Public Safety Minister Robert Trevors announced the review on Monday and is asking citizens to complete an online survey to discuss their views on the subject.
The financial assistance policy has not been reviewed in several years, but the program has been used in the recent floods in Perth-Andover, Charlotte County, the Fredericton area and parts of eastern and northern New Brunswick.
In these situations, the provincial government is required to pay the first $750,000 of any disaster before it can apply for any federal disaster assistance help.

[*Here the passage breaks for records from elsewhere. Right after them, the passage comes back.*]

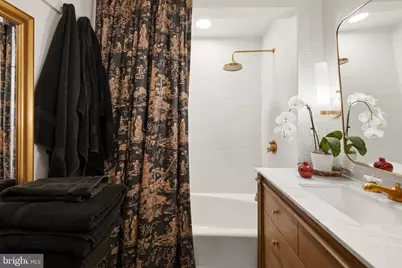 4000 Cathedral Avenue NW #808B, Washington, DC 20016 - Photo 31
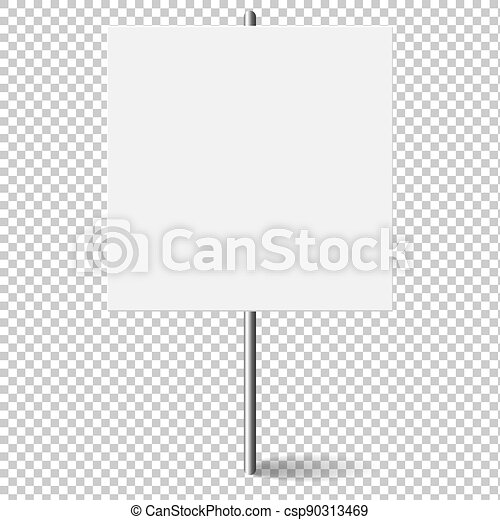 32+ Download Protest Sign Mockup&nbsp;Psd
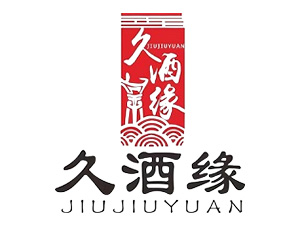 �F�ݾþƾ��ƘI���޹�˾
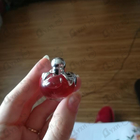 Отзывы Nina Ricci Nina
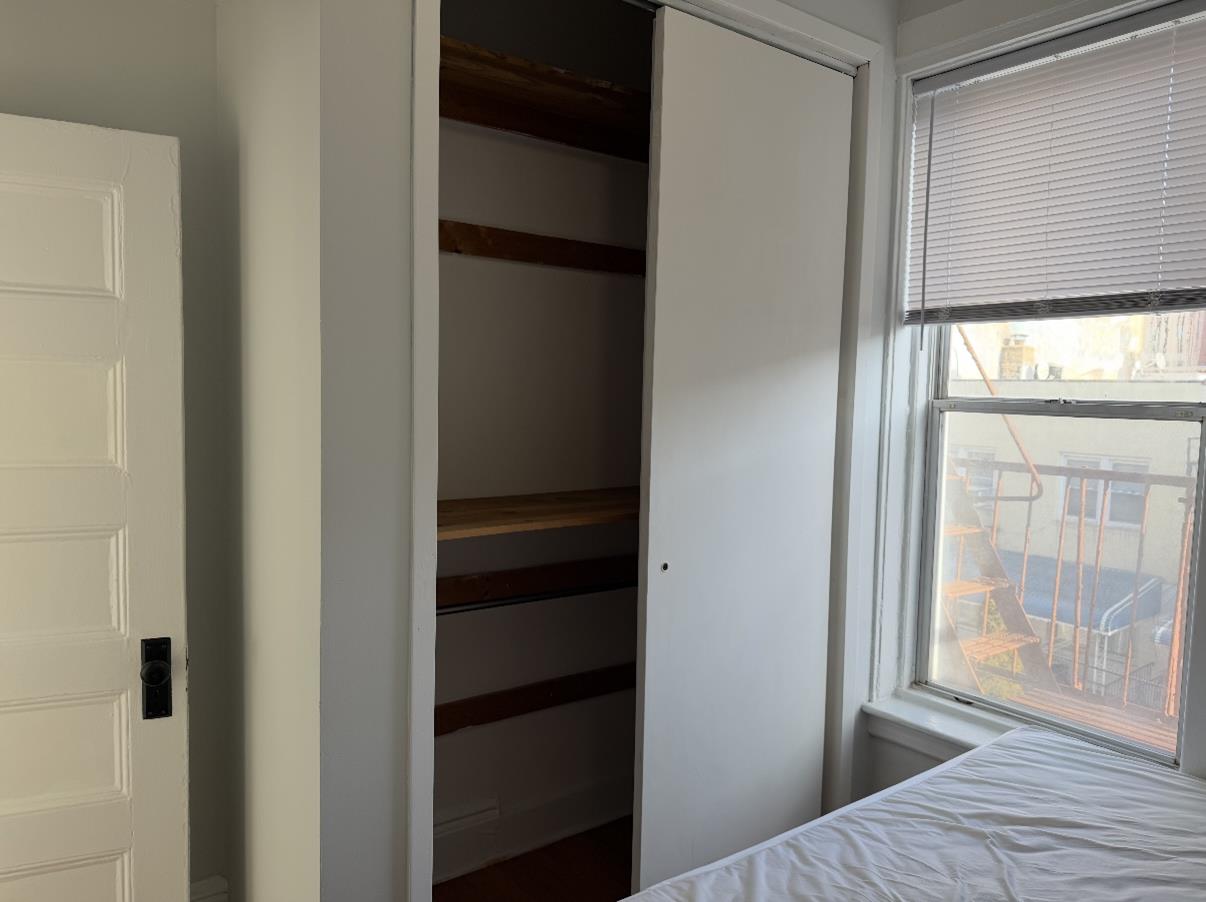 31-37 30th Street 3-B Astoria Queens NY 11106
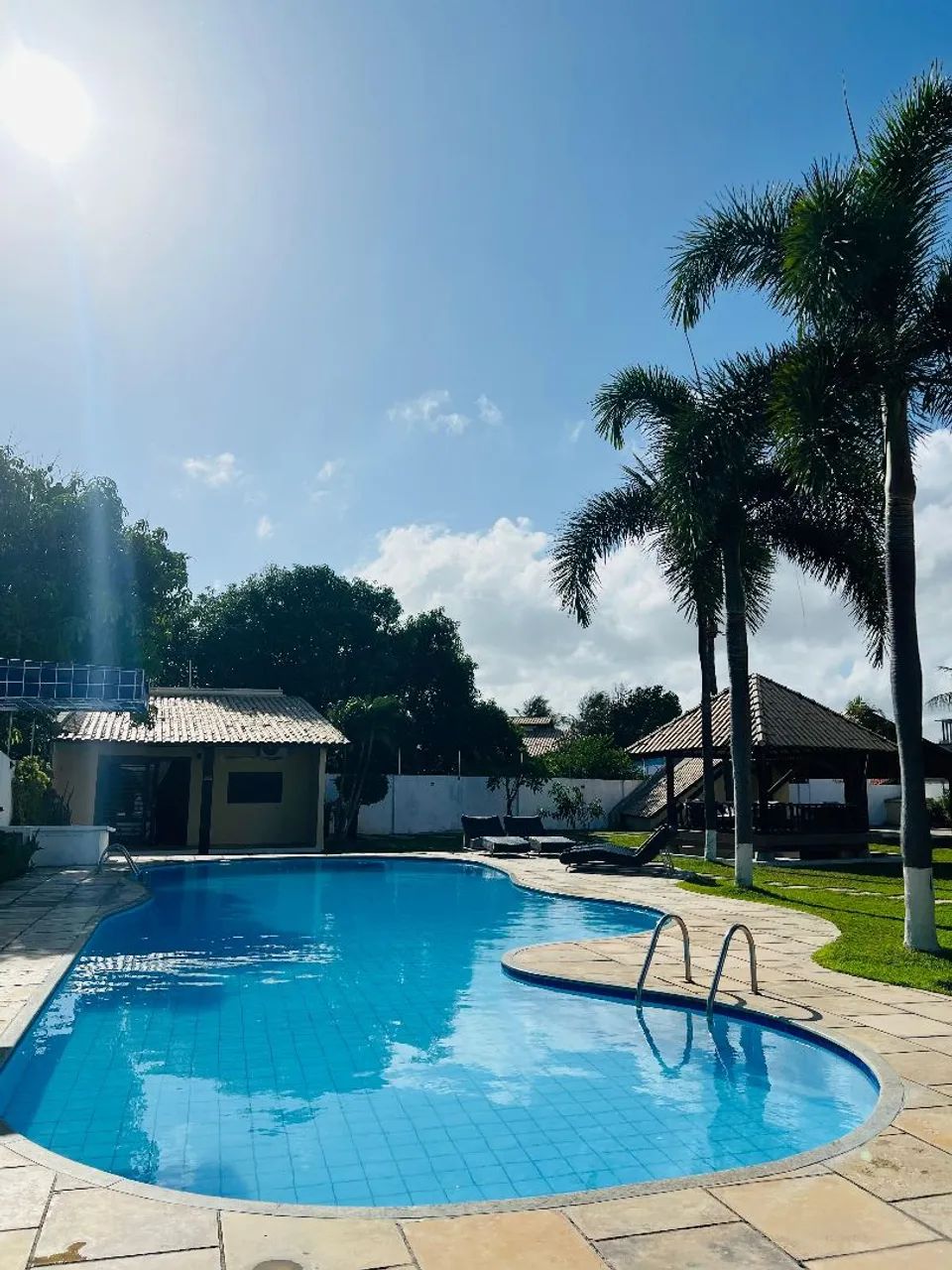 Pousada babassu - Foto 3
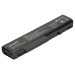 2-Power 10.8v, 6 cell, 56Wh Laptop Battery - replaces 463310-742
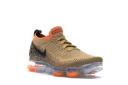 Nike Air VaporMax Flyknit 2 40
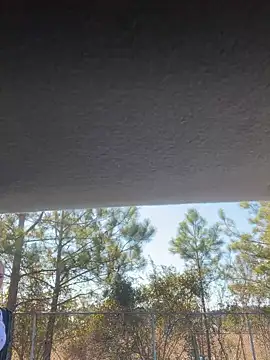 Snapshot of lolabunny9 chatting on 01-28-25, 04:30 lolabunny9 online show from 01-28-25, 04:30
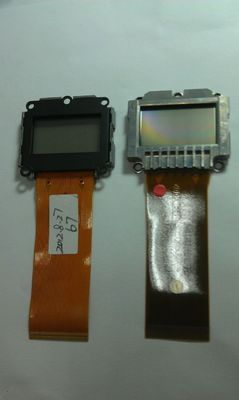 Minilab LCD L3P13Y25G01 L3P10Y55G00 L3P14Y55G00 L3P10Y86G00 do Kis fornecedor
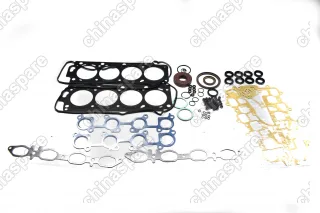 Комплект прокладок двигателя Toyota 2UZFE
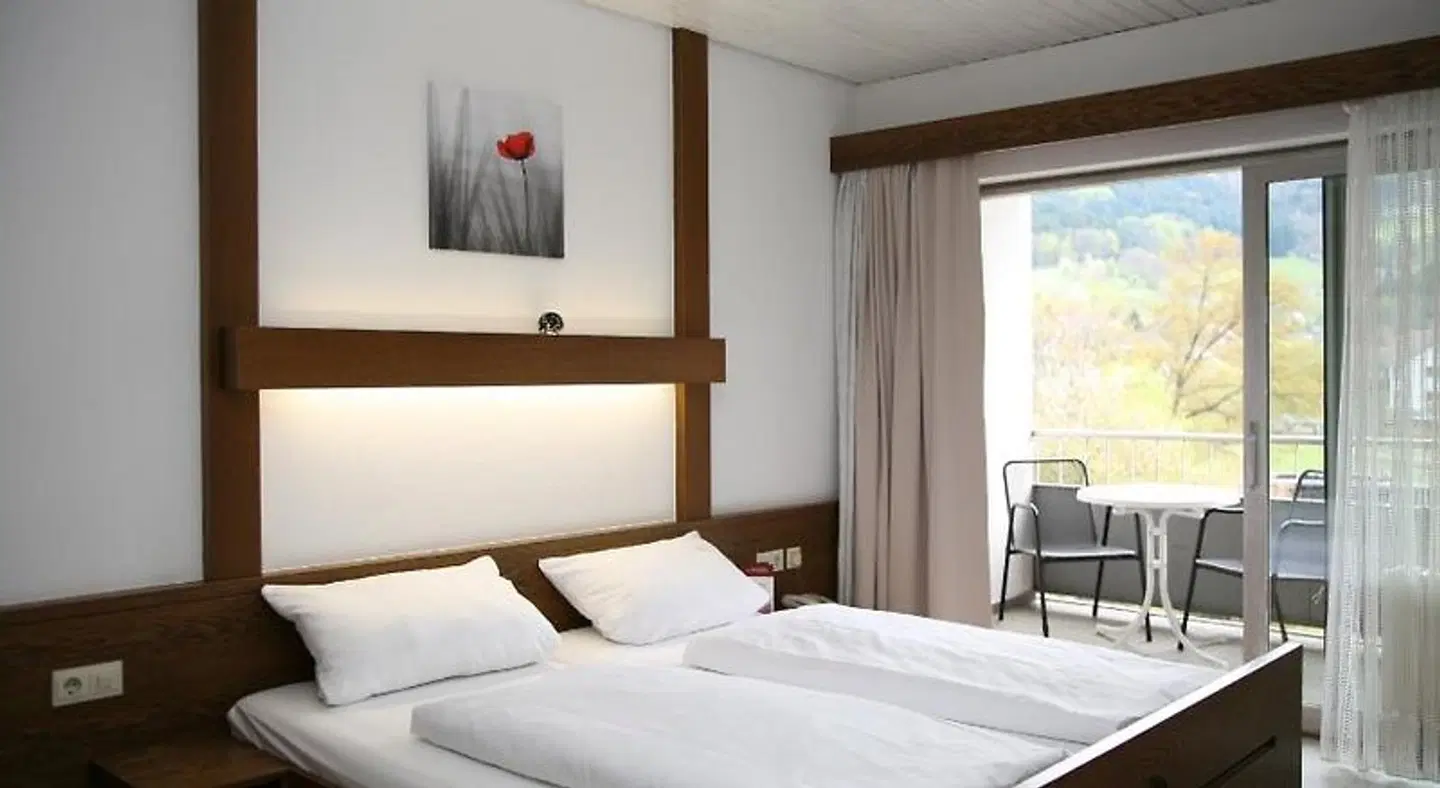 Pflug ROOM_EXAMPLE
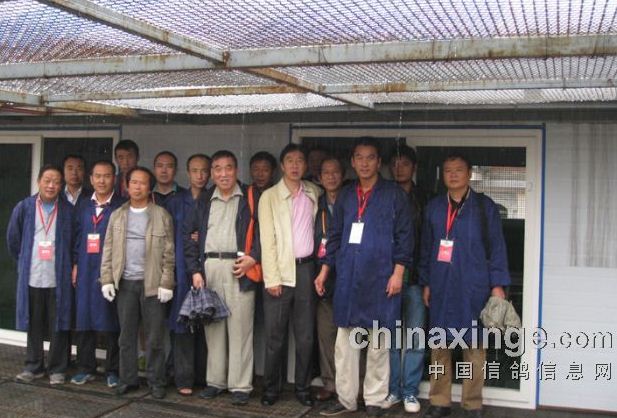 �������ع����＾����ͼ��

The provincial government does not set aside any money for disaster assistance in its annual budget.
The assistance program is designed to pay the costs for basic items and the maximum a person can receive is $80,000.
The amount of money spent by the provincial government on disaster assistance has climbed steadily in recent decades.
Between 1990 and 1999, the provincial government spent $27.3 million to cover losses from six natural disasters. However, the provincial government spent $88 million on 14 natural disasters between 2000 and 2010.
And, the recent Perth-Andover flood cost the province $27 million, which is almost equals the amount spent between 1990 and 1999.
Mary Guitard used the assistance program when her house was among the many that were devastated by the major flood that hit Charlotte County in 2010.
She said the provincial officials were easy to deal with as she was trying to get financial help to fix her house.
"The government helped us quite a bit. I didn't have to cry and run to get them to do anything. I think they helped me," she said.
Even after the help, Guitard said her property still floods when it rains hard.
The only difference now is her new home sits atop three feet of gravel to prevent what happened in 2010.
"There was over four feet of water in it. I lost everything in it. The house was no good, it was ruined," she said.
The province government ended up buying the land from several residents around Guitard’s house. The town covered the cost of their new property.
Rosetta Melanson said she is grateful for the help but she would have liked more input into the new location.
"I call it a wetland. To me, it's very boggy, all around the mini home," Melanson said.
"There's a lot of water in the ditch in the road all the time. There's a lot of water in between the two mini homes and also out back."
While Guitard said she doesn't think many changes need to be made to the financial assistance program, she would like to see more done to prevent it from happening at all.